Brief descriptive captions

-*-

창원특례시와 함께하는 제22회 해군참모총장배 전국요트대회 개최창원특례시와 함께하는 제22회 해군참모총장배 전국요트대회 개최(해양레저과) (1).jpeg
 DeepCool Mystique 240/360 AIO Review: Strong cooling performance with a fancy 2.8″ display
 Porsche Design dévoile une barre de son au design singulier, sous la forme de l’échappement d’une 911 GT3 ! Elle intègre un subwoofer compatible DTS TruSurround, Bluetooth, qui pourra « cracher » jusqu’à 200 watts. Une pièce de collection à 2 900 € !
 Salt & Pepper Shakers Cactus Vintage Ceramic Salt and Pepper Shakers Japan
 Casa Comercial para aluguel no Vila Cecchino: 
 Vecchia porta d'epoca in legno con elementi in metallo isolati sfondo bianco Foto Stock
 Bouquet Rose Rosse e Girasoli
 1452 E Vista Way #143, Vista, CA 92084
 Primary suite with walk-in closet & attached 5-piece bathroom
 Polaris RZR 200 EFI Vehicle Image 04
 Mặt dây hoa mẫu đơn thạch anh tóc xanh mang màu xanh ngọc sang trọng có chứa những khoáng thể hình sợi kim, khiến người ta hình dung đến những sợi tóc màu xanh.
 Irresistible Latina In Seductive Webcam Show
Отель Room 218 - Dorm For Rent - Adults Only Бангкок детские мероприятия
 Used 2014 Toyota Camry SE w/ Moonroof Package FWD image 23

-*-

TASK STATEMENT |
Your reply should be one number: how many lines in the entries above contain the word "with".

PROBLEM SOLUTION |
2